Ohio Biographies



Sameul N. Pike


SAMUEL N. PIKE the builder of the magnificent opera houses in Cincinnati and New York, was of Jewish parentage. The family name was Hecht, the German for Pike. He was born near Heidelberg, and in 1827, when five years of age, came to American, and in 1844 to Cincinnati. He gained colossal wealth in the liquor business, and having been an great admirer of Jenny Lind he built for the Muse of Song a temple which he said should do honor to Cincinnati. On February 22, 1859 the opera house, the largest and most beautiful in America, was opened with song. It was burnt in 1866, and later rebuilt.
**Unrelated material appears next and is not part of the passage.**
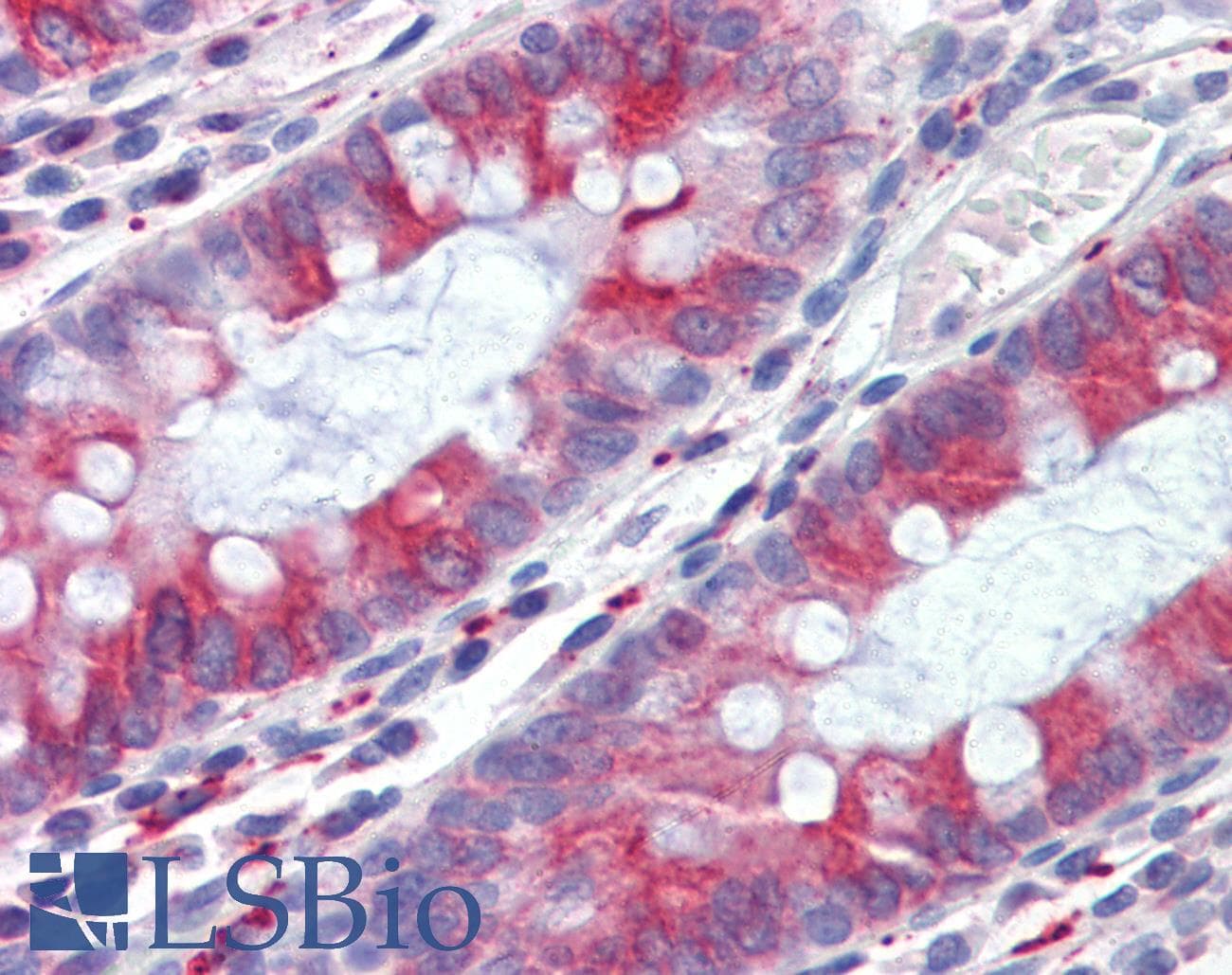 PathPlus™ TUBB / Beta Tubulin Antibody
He was a silent, calm man, and while it was building none knew his object, when from the roof of the Burnet House he saw the structure of his pride and ambition vanishing in the flames, he quietly smoked his cigar as unruffled as the most indifferent spectator, and while thus standing gazing in this calm contemplative attitude, one of the light-fingered gentry as calmly relieved him of his watch, of course, a first-class timekeeper.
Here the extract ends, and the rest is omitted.